BEGIN EXTRACTED INFORMATION
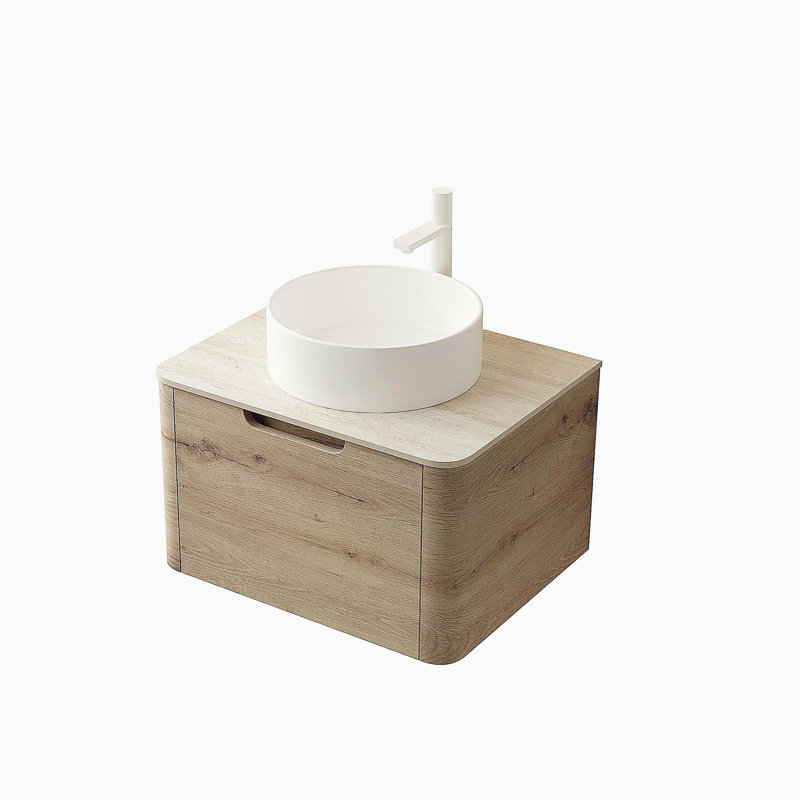 XAI 24" Bathroom Vanity with Sink, Wall-Mounted Plywood Storage Cabinet with Drawer, White Round Ceramic Basin and Roma Travertine-Pattern Sintered Stone Top, Pre-assembled, White Oak Woodgrain Color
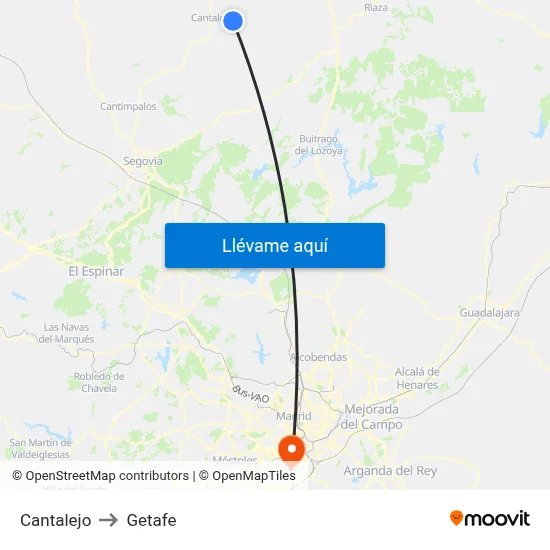 Cantalejo to Getafe map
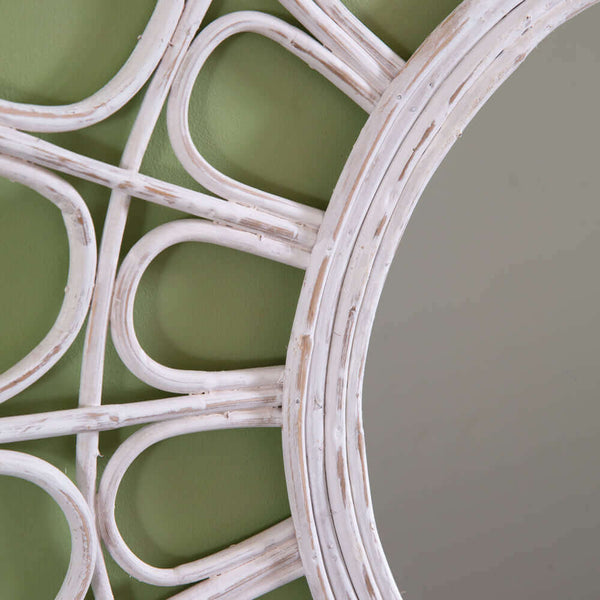 Round Rattan Wall Mirror in White
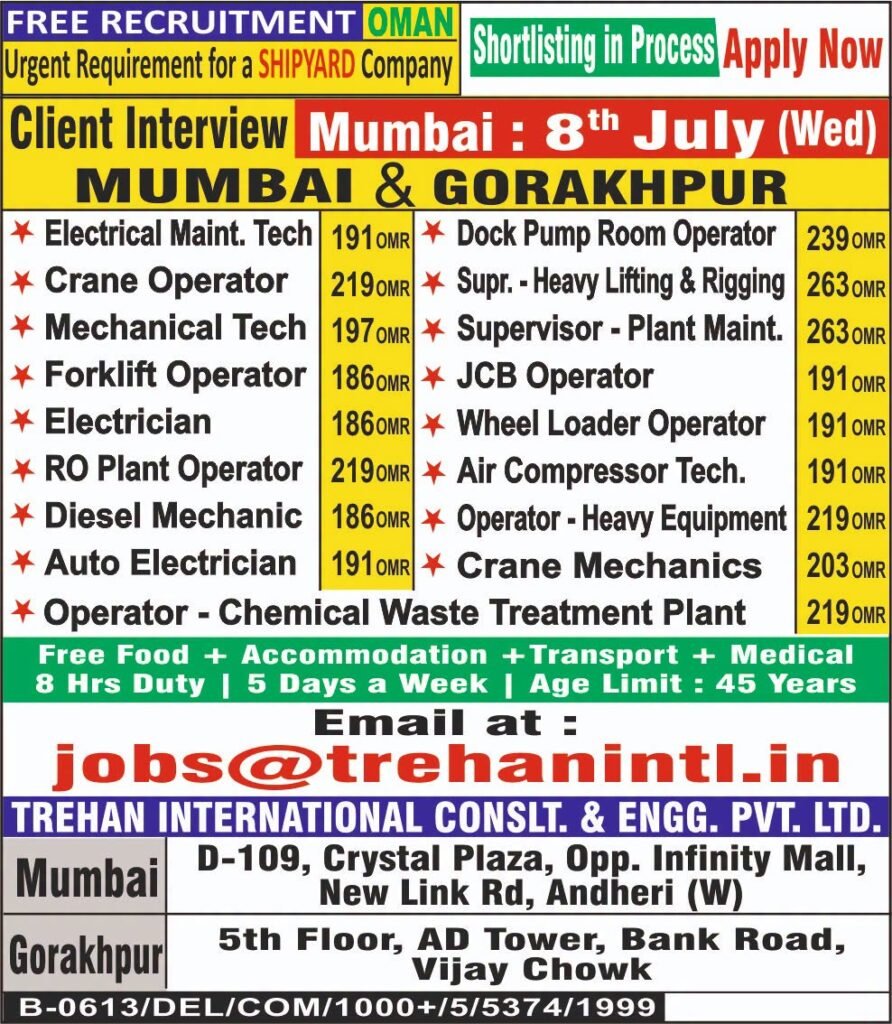 Urgent Requirement For Oman Shipyard Company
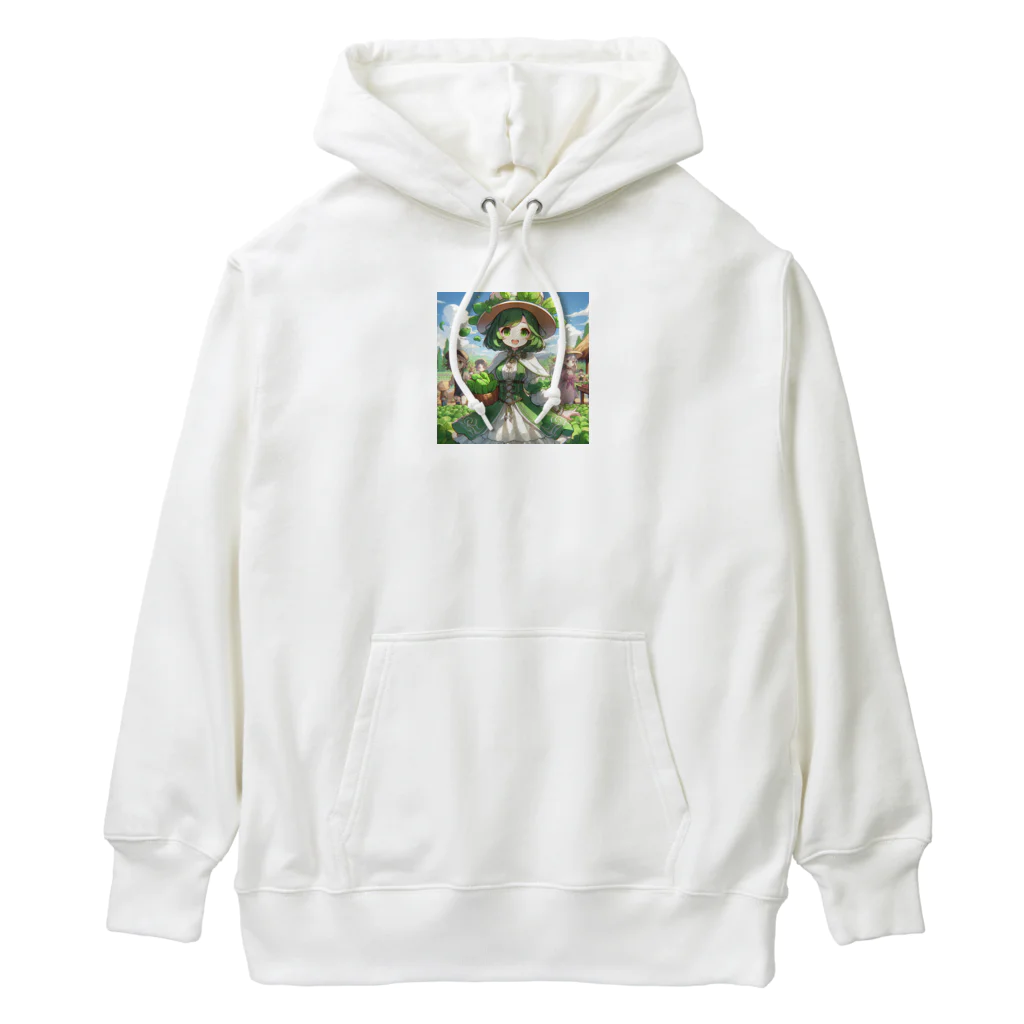 大地の宝物のほうれん草をモチーフにしたアニメキャラクター「スプリナ」 Heavyweight Hoodie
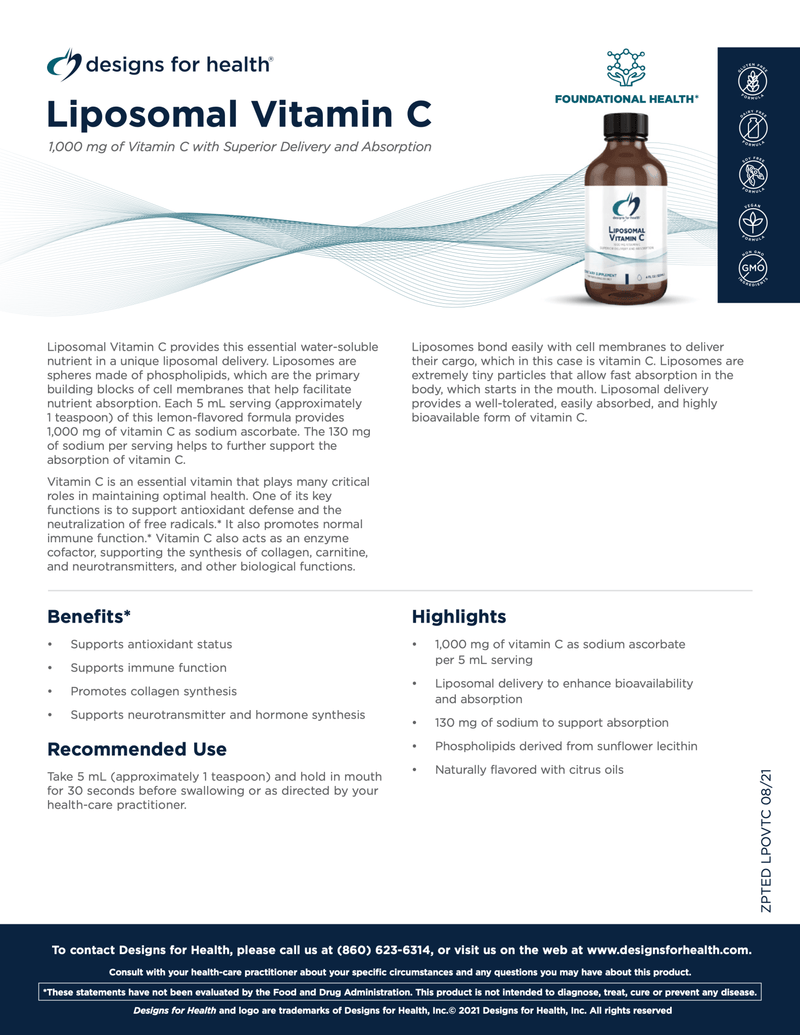 Liposomal Vitamin C | Designs for Health® | 120mL (4 fl oz) Liquid - Coal Harbour Pharmacy
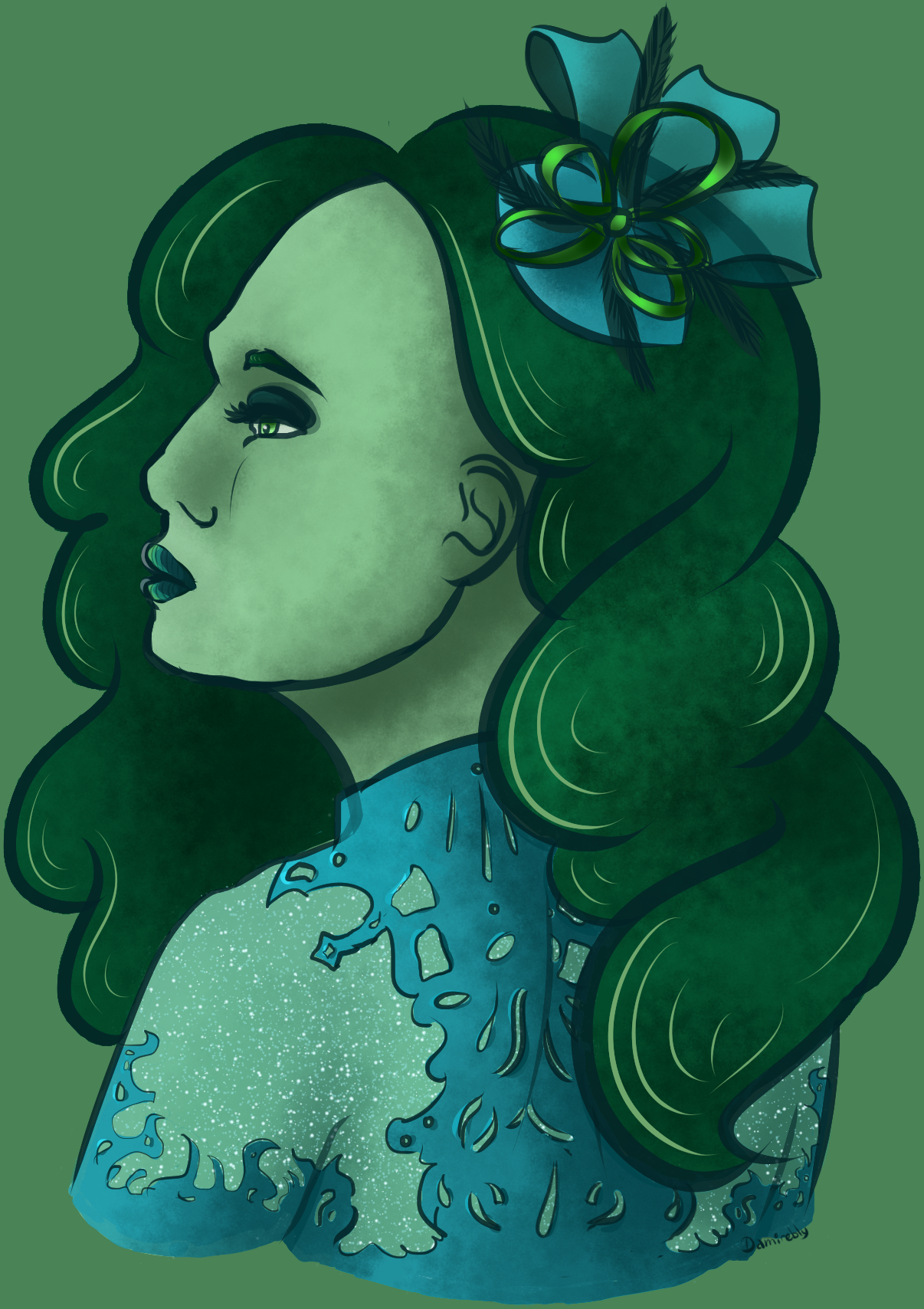 A green toned bust up of Lavilla in profile view, with a glittering ice dancer-like dress and a ribboned fascinator.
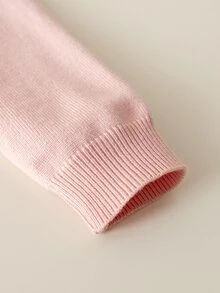 SHEIN 6個月至3歲女嬰荷葉邊拼接開襟衫套裝，蝴蝶結單排扣針織衫搭配寬腿長褲，嬰兒春秋冬季2件套 - 粉色 - 查看 6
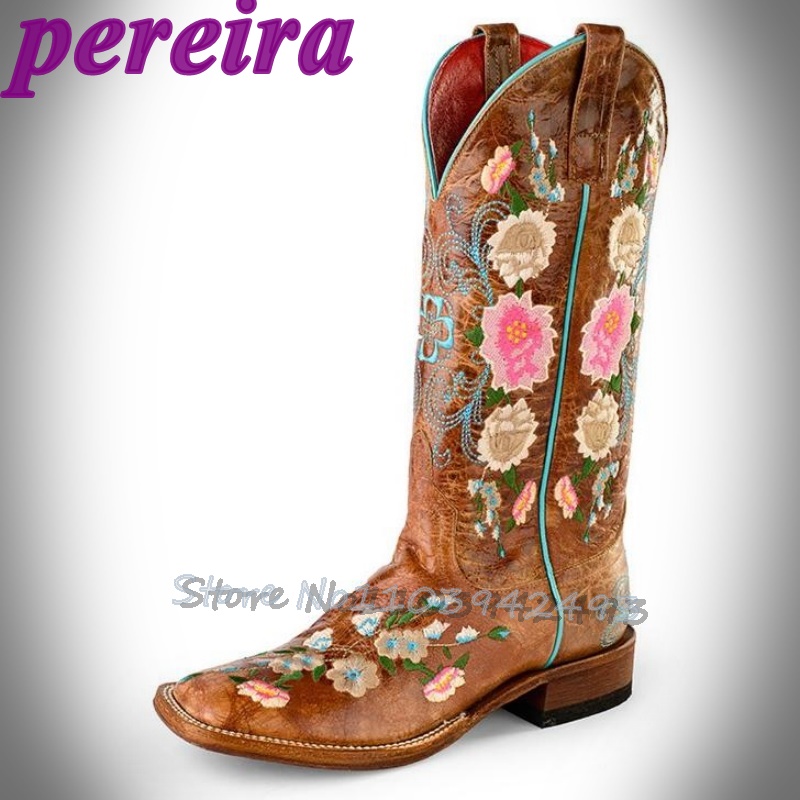 Embroidery Roses - Geborduurde bloemlaarzen Rose Garden Botas Halfhoge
END EXTRACTED INFORMATION
> _THE TASK_: If a record holds a picture, skip the picture and write out everything else exactly.

> _RESPONSE TO THIS TASK_:
 XAI 24" Bathroom Vanity with Sink, Wall-Mounted Plywood Storage Cabinet with Drawer, White Round Ceramic Basin and Roma Travertine-Pattern Sintered Stone Top, Pre-assembled, White Oak Woodgrain Color
 Cantalejo to Getafe map
 Round Rattan Wall Mirror in White
 Urgent Requirement For Oman Shipyard Company
 大地の宝物のほうれん草をモチーフにしたアニメキャラクター「スプリナ」 Heavyweight Hoodie
 Liposomal Vitamin C | Designs for Health® | 120mL (4 fl oz) Liquid - Coal Harbour Pharmacy
 A green toned bust up of Lavilla in profile view, with a glittering ice dancer-like dress and a ribboned fascinator.
 SHEIN 6個月至3歲女嬰荷葉邊拼接開襟衫套裝，蝴蝶結單排扣針織衫搭配寬腿長褲，嬰兒春秋冬季2件套 - 粉色 - 查看 6
 Embroidery Roses - Geborduurde bloemlaarzen Rose Garden Botas Halfhoge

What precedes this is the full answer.